21 August 2012 in Kliptown

Grace and peace to you and through you

Imagine for a second an elephant – a huge bulky elephant walking on her or his tip-toes. It strikes me as a ridiculously humourous picture. And yet, you won’t believe it, but it is true for every step an elephant takes. In Lyall Watson’s beautiful book, Elephantoms he describes how elephants have the
uncanny ability to appear out of nowhere and disappear into thin air without a sound:

“This is made possible, for a start, by the construction of their feet. The digits of each limb are so steeply angled that elephants walk almost on tiptoe with a very pliant step. Behind each heel lies a large spongy pad of fatty tissue that not only supports the fingers and toes, but distributes the great body weight evenly across the wide horny sole of the foot. This inner sole forms a shock-absorbing cushion that behaves like a lightly inflated tyre. When the foot is lifted, it bulges from the underside, but as soon as it is set down, the pad splays out and smothers leaves and twigs beneath it, muffling sound and giving even these giant animals an elastic step and the stealth of a cat.”

Not only is this fascinating about elephants, but it reminds us more broadly that we need people who can help us to see. We need guides who open our
eyes to what is. We need people to help us to pay attention. For this reason, when roaming the bush it is most helpful to have a game ranger at our side to point out to us what we do not see or to help us understand what we do see.
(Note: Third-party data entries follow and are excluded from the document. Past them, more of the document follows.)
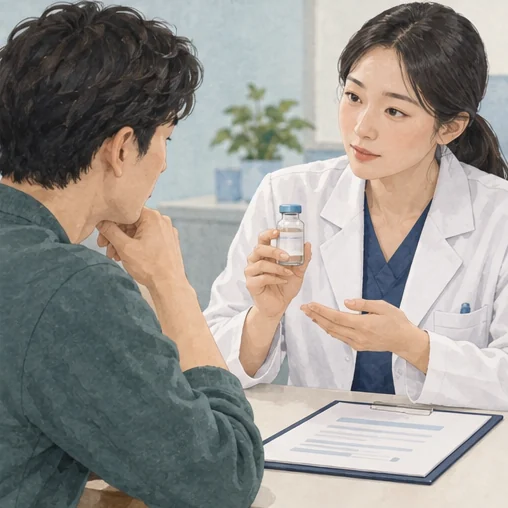 접종 안내의 내용을 의료진에게 묻는 장면. (AI 설명용 삽화)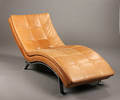 Daybed betrukket med brun læder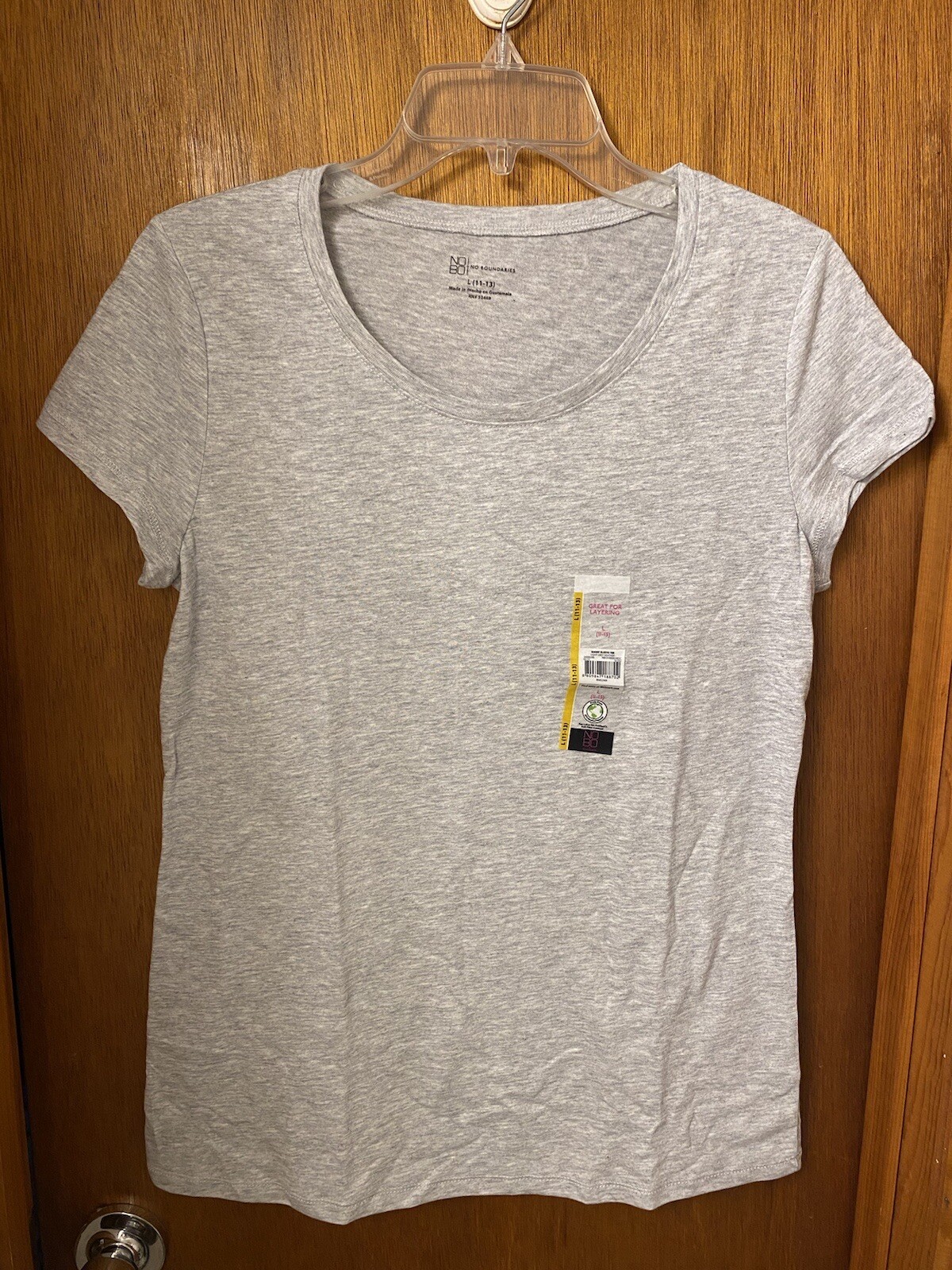 Light Grey Heather No Boundaries Short Sleeve Tee size L. New With Tags
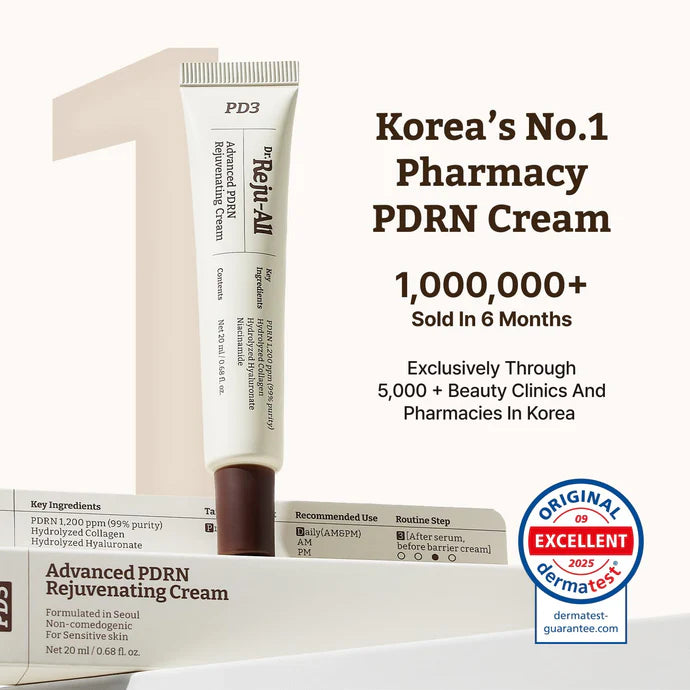 Korea's No.1 Pharmacy PDRN Cream with packaging and Dermatest certification badge.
We need guides to help us to see what we are blind to in our world and country. As Former President Kgalema Motlanthe said this past week at the funeral service about one of the great guides of our fresh democracy, Ahmed Kathrada:

“Today is the day on which we close the eyes of comrade Ahmed Kathrada, permanently; because during his lifetime he opened ours forever and saved us from the blindness of the heart. Along with countless men and women of a higher order of consciousness with whom he cast his lot in pursuance of deep ideals, comrade Kathy helped unleash human possibilities.”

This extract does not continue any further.